### Provided data
========================
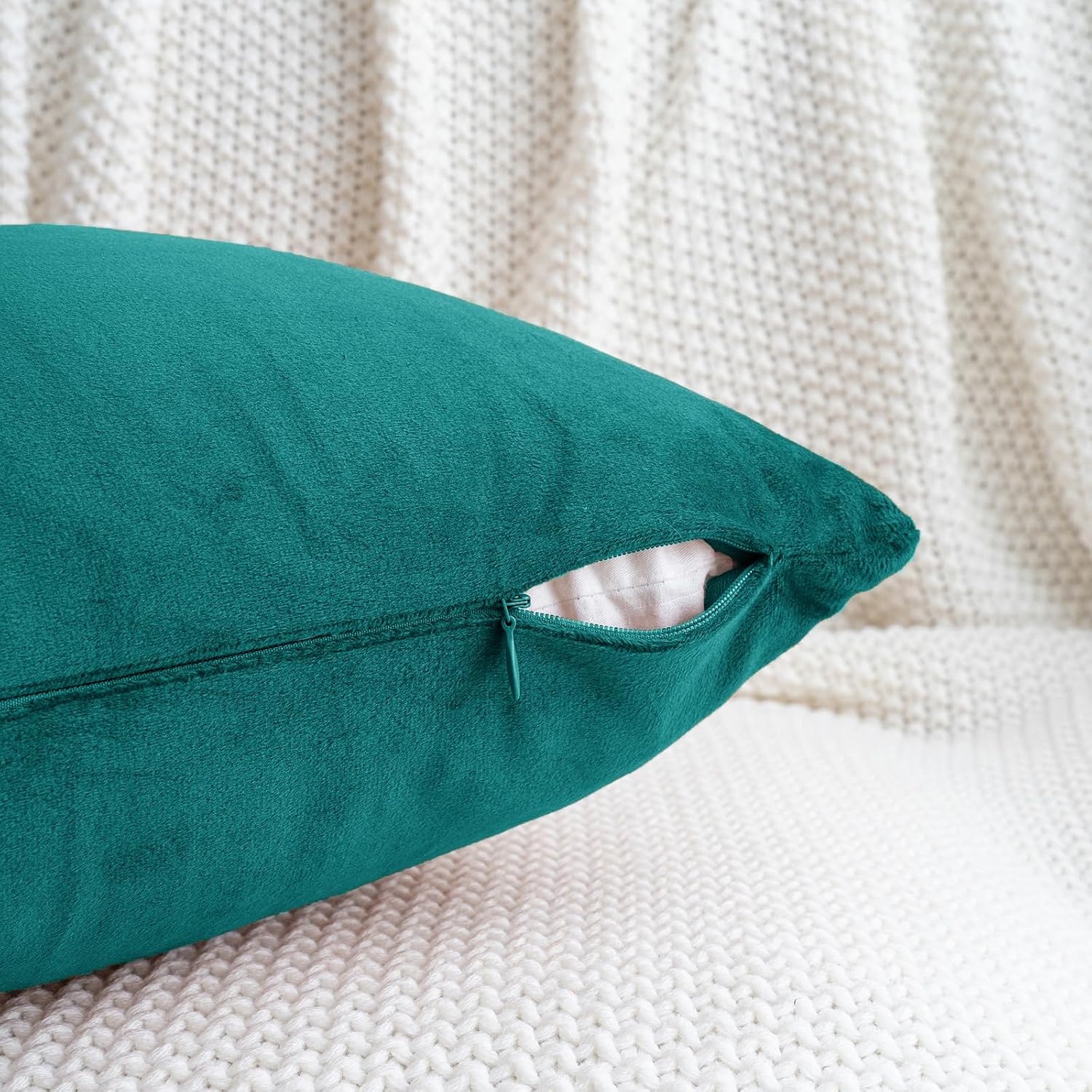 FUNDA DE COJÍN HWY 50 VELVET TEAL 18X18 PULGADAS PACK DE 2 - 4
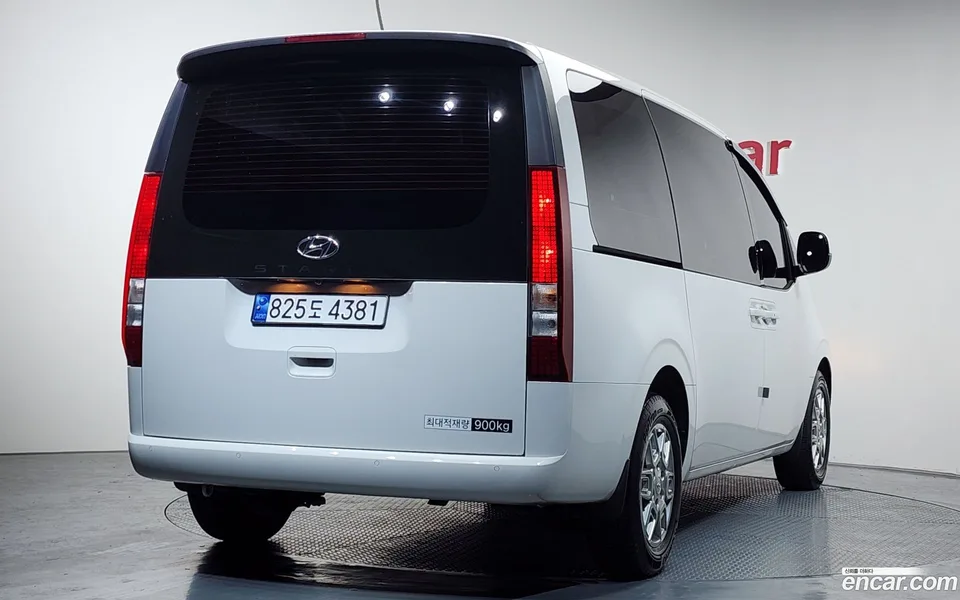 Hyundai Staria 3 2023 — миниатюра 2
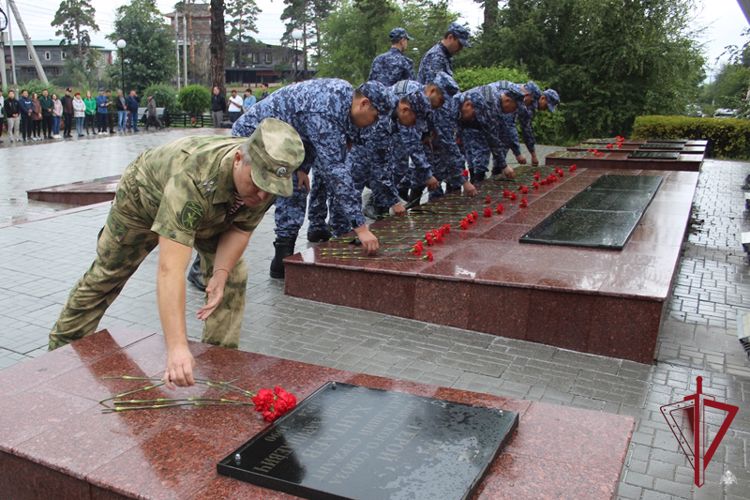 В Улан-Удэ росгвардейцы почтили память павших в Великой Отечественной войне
========================
### What the task asks
Nothing but the lines from the line with "Hyundai Staria 3 2023 — миниатюра 2" through the last line of the listing above should be repeated, and pictures should be left out.

### Task result
 Hyundai Staria 3 2023 — миниатюра 2
 В Улан-Удэ росгвардейцы почтили память павших в Великой Отечественной войне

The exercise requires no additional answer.